Feeling it in Guangzhou.

IN MARCH, during China’s annual parliament meetings in Beijing, a politician proudly shared with reporters his proposal on how to “solve the problem of the black population in Guangdong.” The province is widely known in China to have many African migrants.

“Africans bring many security risks,” Pan Qinglin told local media (link in Chinese). As a member of the Chinese People’s Political Consultative Conference, the nation’s top political advisory body, he urged the government to “strictly control the African people living in Guangdong and other places.”

Pan, who lives in Tianjin near Beijing — and nowhere near Guangdong — held his proposal aloft for reporters to see. It read in part (links in Chinese):

“Black brothers often travel in droves; they are out at night out on the streets, nightclubs, and remote areas. They engage in drug trafficking, harassment of women, and fighting, which seriously disturbs law and order in Guangzhou… Africans have a high rate of AIDS and the Ebola virus that can be transmitted via body fluids… If their population [keeps growing], China will change from a nation-state to an immigration country, from a yellow country to a black-and-yellow country.”

On social media, the Chinese response has been overwhelmingly supportive, with many commenters echoing Pan’s fears. In a forum dedicated to discussions about Black people in Guangdong on Baidu Tieba — an online community focused on Internet search results — many participants agreed that China was facing a “black invasion.” One commenter called on Chinese people (link in Chinese) not to let “thousands of years of Chinese blood become polluted.”

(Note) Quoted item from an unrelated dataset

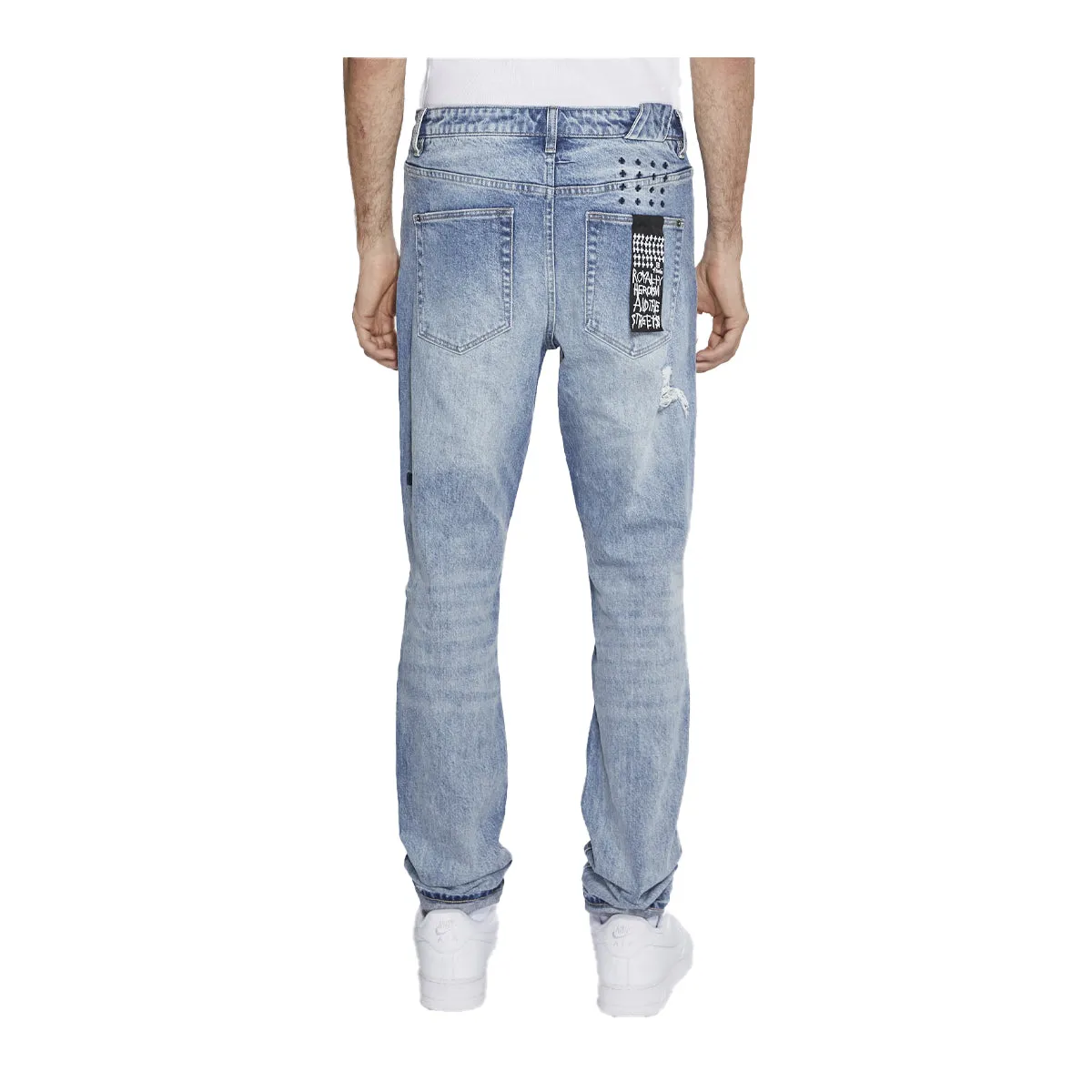 CHITCH SELF REPAIR DENIM JEANS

Chinese racial consciousness was also evident in the recent Chinese TV ad for Qiaobi laundry detergent, which went viral last year. The ad featured an Asian woman stuffing a Black man into a washing machine to turn him into a pale-skinned Asian man.

Estimates for the number of sub-Saharan Africans in Guangzhou (nicknamed “Chocolate City” in Chinese) range from 150,000 long-term residents, according to 2014 government statistics, to as high as 300,000 — figures complicated by the number of Africans coming in and out of the country as well as those who overstay their visas.

Many of them partner with Chinese firms to run factories, warehouses, and export operations. Others are leaving China and telling their compatriots not to go due to financial challenges and racism. …

Senegalese journalist Madeleine Thiam in Beijing

Madeleine Thiam and Christelle Mbaya, Senegalese journalists in Beijing, said they are saddened but not shocked when they are discriminated against in China.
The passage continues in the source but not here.